User:Razzi/new plan for reimaging an-masters

update the haadmins to use kerberos-run-command

respond: purpose of failover: just to test that both nodes are healthy

gotta add timers to systemctl commands. testing this out now

> sudo systemctl list-units 'camus-*.timer'

ok looks good

need to plan to contact search team to ask to pause

remove part of plan fo stopping oozie coordinators

need to make sense of

This command is a little bit brutal, what we could do is something like: - check `profile::analytics::cluster::hadoop::yarn_capacity_scheduler` and add something like `'yarn.scheduler.capacity.root.default.state' => 'STOPPED'` - send puppet patch and merge it (but at this point we are with puppet disabled, so you either add it manually or you merge it beforehand). - execute `sudo -u yarn kerberos-run-command yarn yarn rmadmin -refreshQueues`

The above will instruct the Yarn RMs to not accept any new job.

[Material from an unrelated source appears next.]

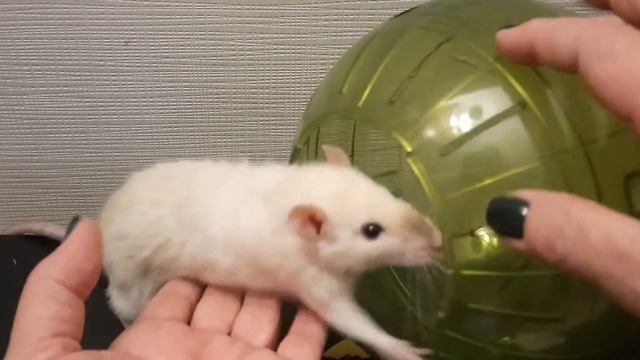 Прогулочный шар. смотреть онлайн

! need to learn about transfer.py and incorporate it into plan

Add to plan step to stop hadoop-namenode timers

Add to plan step to check for hdfs / yarn processes before changing uids/gids

need to make sense of

> Reimage an-master1002 > - `sudo -i wmf-auto-reimage-host -p T278423 an-master1002.eqiad.wmnet` > - Will have to confirm that the partitions since we're using reuse-parts-test

At this point I would probably think about checking that all daemons are ok, logs are fine, metrics, etc.. It is ok to do the maintenance in two separate days, to leave some time for any unexpected issue to come up. We could also test a failover from 1001 (still not reimaged) to 1002 and leave it running for a few hours monitoring metrics. I know that on paper we don't expect any issue from previous tests, but this is production and there may be some corner cases that we were not able to test before.

So to summarize - at this point I'd check the status of the all the services and just re-enable timers/jobs/etc.. Then after a bit I'd failover to 1002 and test for a few hours if everything works as expected (heap pressure, logs, etc..)

Yes, 1001 should be active here

Update plan to restart puppet

Update plan to use stat100x for backup